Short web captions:
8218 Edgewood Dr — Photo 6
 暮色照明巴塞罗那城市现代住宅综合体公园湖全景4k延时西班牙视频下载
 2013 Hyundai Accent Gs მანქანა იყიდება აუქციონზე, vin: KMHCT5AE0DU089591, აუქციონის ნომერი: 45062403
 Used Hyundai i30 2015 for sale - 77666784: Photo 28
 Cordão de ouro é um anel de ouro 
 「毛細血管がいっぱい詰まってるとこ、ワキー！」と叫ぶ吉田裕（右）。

Required action: In the records above, the lines containing the string "Photo" should be counted; give only the total.

Your response: 2